Tarihçi David Arkush Rusların köylü atasözleriyle Çinlilerin köylü atasözlerini karşılaştırmıştır ve farklılıklar çok çarpıcıdır. Tipik bir Rus atasözü “Tanrı getirmezse, toprak vermez” der. Burada köylülerin kendi çabalarının yeterli olacağına inanmak için hiçbir nedenlerinin olmadığı, baskıcı feodal sisteme özgü tipik kadercilik ve karamsarlık söz konusudur. Diğer yanda, Arkash, Çin atasözlerinin “çalışkanlığın, zekice planlamanın, özgüvenin ve küçük bir grupla işbirliği yapmanın zaman içinde karşılığını getireceği” inancıyla dikkat çektiğini yazıyor.


İşte beş parasız Çinli köylülerin çeltik tarlalarının kavuran sıcaklığı ve rutubetinde yılda üç bin saat çalışırken birbirlerine söyledikleri birkaç şey (bu arada, bu tarlalar sülüklerle doludur):


“Kan ter olmadan yemek olmaz.”


“Çiftçiler meşgul; çiftçiler meşgul; çiftçiler meşgul olmasaydı kışı geçirecek tahıl nereden gelirdi?”

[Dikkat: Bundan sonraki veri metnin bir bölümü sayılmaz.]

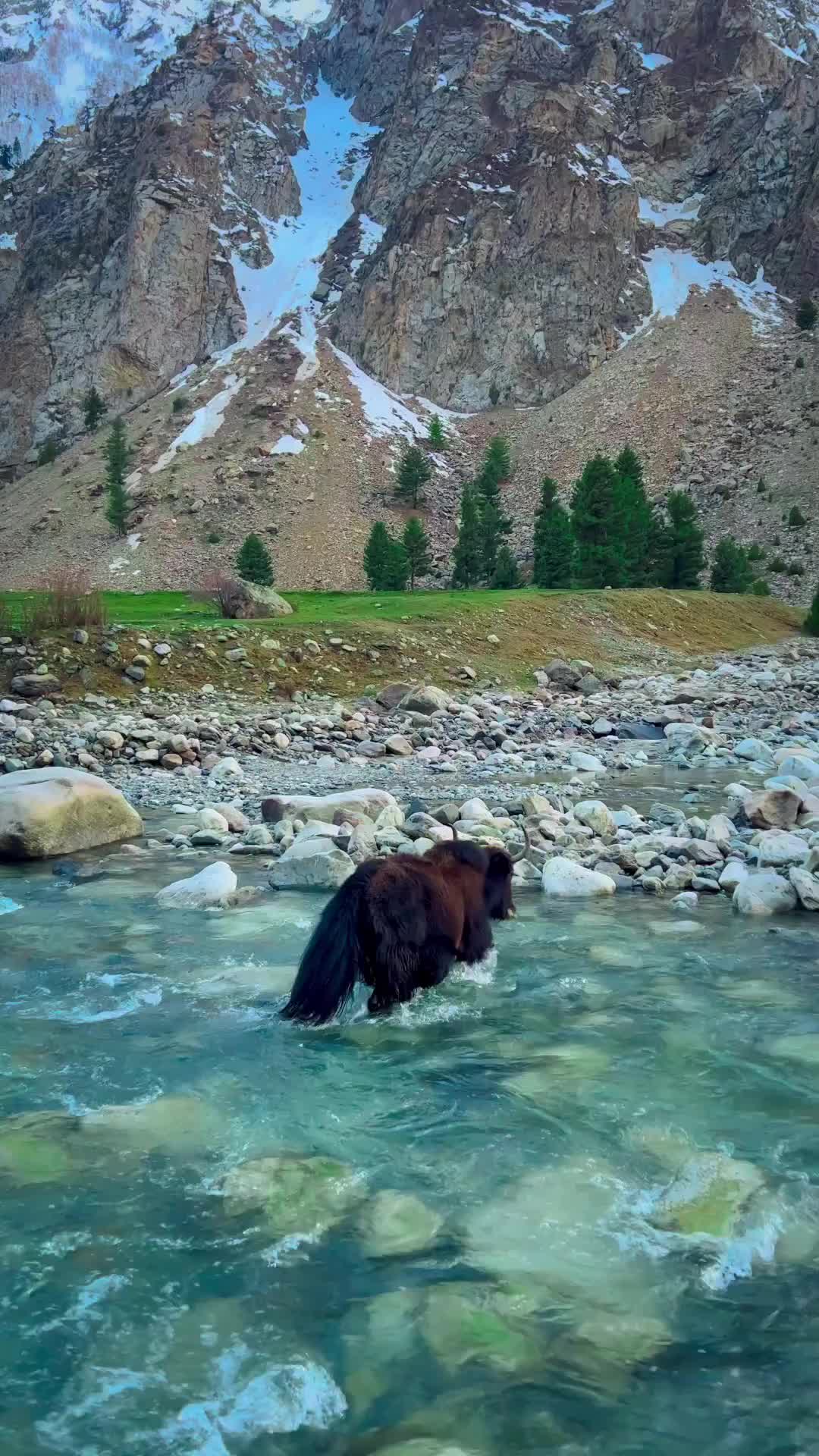 @Travel Pakistan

“Tembel adam kışın donarak ölür.”


“Yiyecek için Tanrı’ya değil, yükü taşıyan iki eline güven.”


“Ürün istemenin yararı yok, her şey çok çalışmaya ve gübreye bağlı.”


“Eğer bir adam çok çalışırsa, toprak da tembellik etmeyecektir.”

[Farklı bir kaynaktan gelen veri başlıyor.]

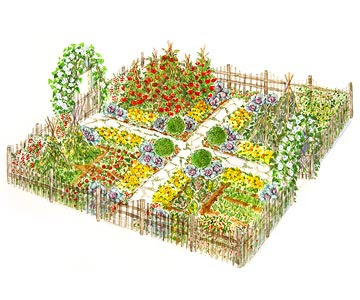 Kitchen Garden Design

Ve hepsinden daha çok şey anlatan şu söz: “Yılda 360 gün yataktan güneş doğmadan önce kalkabilen hiç kimse ailesini zengin etmekte başarısız olmaz.” Güneş doğmadan önce kalkmak? Yılda 360 gün? !Kung rahat rahat, telaşsızca mongongo toplarken, Fransız köylü kışı uyuyarak geçirirken ya da pirinç yetiştiriciliği dünyası dışındaki herhangi biri bir başka şey yaparken, bu atasözü akıllarına bile gelmez.

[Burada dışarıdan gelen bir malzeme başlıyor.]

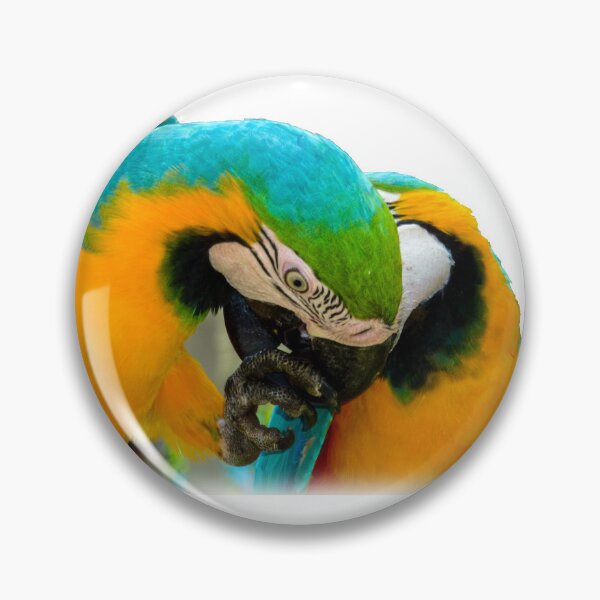 Item preview, Macaws designed and sold by indiafrankk.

Hiç kuşkusuz, bu Asya kültürüne ilişkin alışılmadık bir gözlem değil. Batı’da hangi üniversite kampüsüne giderseniz gidin, Asyalı öğrenciler, diğer herkes çıktıktan uzun saatler sonra bile kütüphanede kalmakla ünlüdür. Asya kökenli insanlar, kültürleri böyle tanımlandığında bazen alınırlar, çünkü bu stereotipin bir tür küçümseme olarak kullanıldığını düşünürler. Oysa çalışma inancı güzel bir şey olsa gerek. Bu kitapta şu ana kadar gördüğümüz hemen her başarı hikayesi, emsallerinden ya da akranlarından daha çok çalışan bir kişi ya da grupla ilgili. Bill Gates küçükken bilgisayar bağımlısıydı. Bill Joy da öyle. Beatles Hamburg’da binlerce saat pratik yaptı. Joe Flom, eline bir şans geçene kadar, yıllarca canını dişine takarak çalıştı, şirketleri ele geçirme sanatını mükemmel hale getirdi. Başarılı insanların yaptığı şey gerçekten çok çalışmaktır ve çeltik tarlalarında yaratılan kültürün tipik özelliği, çok çalışmanın bu tarlalarda çalışan insanlara, büyük bir belirsizlik ve yoksulluğun ortasında anlam bulmanın bir yolunu sağlamış olmasıdır. Bu ders Asyalılara birçok çabalarında yarar sağlamıştır, ancak sağlanan yarar nadiren matematikteki kadar mükemmel olmuştur.”